Published online by Cambridge University Press: 05 June 2012
This chapter discusses the early history of human habitation and the development of states in the territories of modern-day Nigeria, from the period of the earliest archeological findings in the Late Stone Age (LSA) to the coming of European traders in the late fifteenth and sixteenth centuries CE (Common Era). Archeological evidence indicates that human societies have been constantly present in all regions of Nigeria for several thousand years. Initially, their societies were decentralized in nature, focusing on small village or village-group units. Some societies, particularly in the eastern and middle belt regions of modern-day Nigeria, maintained these decentralized state structures until the advent of European colonialism.
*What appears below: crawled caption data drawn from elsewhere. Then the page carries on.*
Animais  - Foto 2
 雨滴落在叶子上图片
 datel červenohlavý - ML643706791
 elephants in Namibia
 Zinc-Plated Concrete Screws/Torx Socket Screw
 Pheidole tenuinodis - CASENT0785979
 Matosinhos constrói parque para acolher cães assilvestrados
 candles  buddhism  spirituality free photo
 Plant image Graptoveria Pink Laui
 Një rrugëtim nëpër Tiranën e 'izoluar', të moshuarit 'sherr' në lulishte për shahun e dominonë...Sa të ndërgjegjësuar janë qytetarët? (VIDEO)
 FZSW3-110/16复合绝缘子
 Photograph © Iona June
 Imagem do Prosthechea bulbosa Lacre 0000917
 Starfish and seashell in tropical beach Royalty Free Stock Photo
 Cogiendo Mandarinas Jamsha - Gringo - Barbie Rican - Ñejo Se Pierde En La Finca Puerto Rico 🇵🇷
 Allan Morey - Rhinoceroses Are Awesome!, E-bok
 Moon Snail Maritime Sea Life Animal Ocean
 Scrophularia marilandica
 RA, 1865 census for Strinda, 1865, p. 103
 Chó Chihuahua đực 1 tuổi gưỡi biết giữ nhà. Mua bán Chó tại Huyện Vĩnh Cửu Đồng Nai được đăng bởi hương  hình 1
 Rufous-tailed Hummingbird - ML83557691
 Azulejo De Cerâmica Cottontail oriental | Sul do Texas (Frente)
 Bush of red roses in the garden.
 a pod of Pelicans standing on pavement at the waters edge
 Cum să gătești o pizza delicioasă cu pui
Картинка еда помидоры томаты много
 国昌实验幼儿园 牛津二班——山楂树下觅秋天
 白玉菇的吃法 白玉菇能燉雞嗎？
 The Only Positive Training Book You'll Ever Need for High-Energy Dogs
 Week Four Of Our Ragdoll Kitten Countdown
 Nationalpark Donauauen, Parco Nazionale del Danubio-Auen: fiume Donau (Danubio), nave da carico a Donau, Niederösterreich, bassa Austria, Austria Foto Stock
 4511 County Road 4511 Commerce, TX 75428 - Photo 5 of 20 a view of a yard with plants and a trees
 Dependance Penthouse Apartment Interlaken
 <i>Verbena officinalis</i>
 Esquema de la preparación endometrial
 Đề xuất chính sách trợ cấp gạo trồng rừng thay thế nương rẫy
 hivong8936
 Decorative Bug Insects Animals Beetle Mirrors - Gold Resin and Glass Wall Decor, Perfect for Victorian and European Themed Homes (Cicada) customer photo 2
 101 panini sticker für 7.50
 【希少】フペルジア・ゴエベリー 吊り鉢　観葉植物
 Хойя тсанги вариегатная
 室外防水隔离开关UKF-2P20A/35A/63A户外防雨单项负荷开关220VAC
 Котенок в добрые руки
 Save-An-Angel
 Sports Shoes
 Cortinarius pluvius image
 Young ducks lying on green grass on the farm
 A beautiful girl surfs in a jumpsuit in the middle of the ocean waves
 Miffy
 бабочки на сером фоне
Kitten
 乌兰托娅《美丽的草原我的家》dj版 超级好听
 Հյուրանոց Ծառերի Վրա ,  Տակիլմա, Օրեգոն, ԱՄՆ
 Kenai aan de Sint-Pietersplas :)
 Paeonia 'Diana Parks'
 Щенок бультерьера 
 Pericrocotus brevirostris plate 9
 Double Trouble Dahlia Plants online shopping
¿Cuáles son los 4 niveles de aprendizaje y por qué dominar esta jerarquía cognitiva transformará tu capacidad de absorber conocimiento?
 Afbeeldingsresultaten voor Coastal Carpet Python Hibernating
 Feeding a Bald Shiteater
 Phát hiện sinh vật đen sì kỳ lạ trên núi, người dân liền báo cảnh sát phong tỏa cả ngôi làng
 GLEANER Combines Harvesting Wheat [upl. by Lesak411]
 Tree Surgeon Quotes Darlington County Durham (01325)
By the end of the first millennium CE, however, some societies were developing more centralized state structures, based on ideas of kingship and drawing greater resources to urban centers of political, economic, and cultural importance. In the southern, forested region, the largest of these centralized states were the kingdoms centered on Ile-Ife and Benin. In the Sahel region in the north, the empires of Kanem and Borno became increasingly powerful from the eleventh century CE, with Hausa states such as Kano, Katsina, Zaria, and Gobir beginning their ascendancy by the fifteenth century.
Both the centralized and the decentralized states had their roots in the agricultural economies of indigenous African communities, although the goods and ideas brought into these societies by immigrants often made significant marks on the politics, economies, and cultures of these states and societies.